Finding Space for another bedroom Converting garage and loft spaces are typically both fantastic ways to cost-effectively add space to your home. Of course, it will depend on the specifics of a particular house but usually integrated or attached garages are much simpler and cheaper to convert than loft spaces as they will offer more usable convertible space and will not need any structural alterations. The advantage that loft conversions have over garage conversions is usually one of location. In most houses, bedrooms and bathrooms are located upstairs and are often more convenient and appropriate if you decide you want to convert your loft into a bedroom. However, garages, by definition, tend to be on the ground floor, which is more suitable if the bedroom is needed for guests. Either way, in each case, it is important to bear in mind that adding suitable insulation is crucial, both to meet the requirements of the building regulations, but also to make the new room(s) habitable and comfortable in hot or cold weather.
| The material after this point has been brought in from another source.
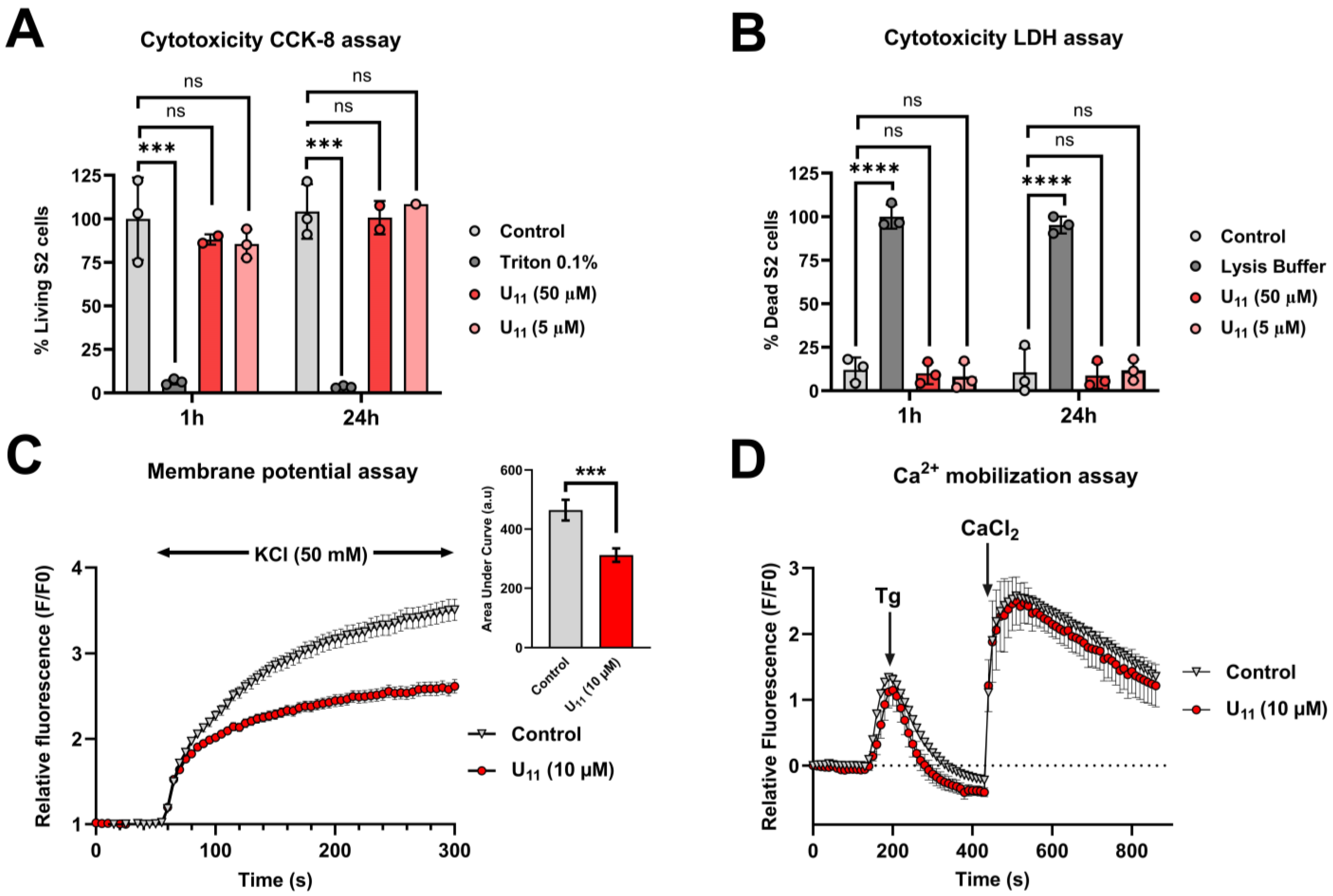 Toxins 15 00600 g002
Additional Spaces and storage
For storage purposes, it is important to consider each aspect of your home, and which spaces can be more effectively utilised. Places such as under-stair cupboards are a great way to achieve more space – think about a small desk space that may be in a cupboard as we did on this project, a seating area, or a set of drawers/ shelves to hide away your items. Alternatively, if you have a larger budget to provide additional space, then why not consider excavating, creating a very small basement, formed in concrete and tanked out to hide your clutter under trap doors – out of sight, out of mind.
Creating an illusion of space
If you’re restricted for space, creating an illusion of space and manipulating the perception of spaciousness is a key design skill when working with small and medium-sized properties. It seems that we all want more space and while adding an extension is often impractical or impossible, there are loads of things that you can do inside a home to maximise not only the use but the perception of space. Daylight is a wonderful magnifier of space, both in terms of how much daylight you bring into a room, and also how much day-lit space you can see. Pale wall colours and full-height windows, as used here, can make a huge difference. Part of the reason why this works is that the eye is taken out of the low space itself and designing the room to draw the eye along to a focal point outside the space, such as through a window, or in an adjoining room that is higher can enhance space tremendously.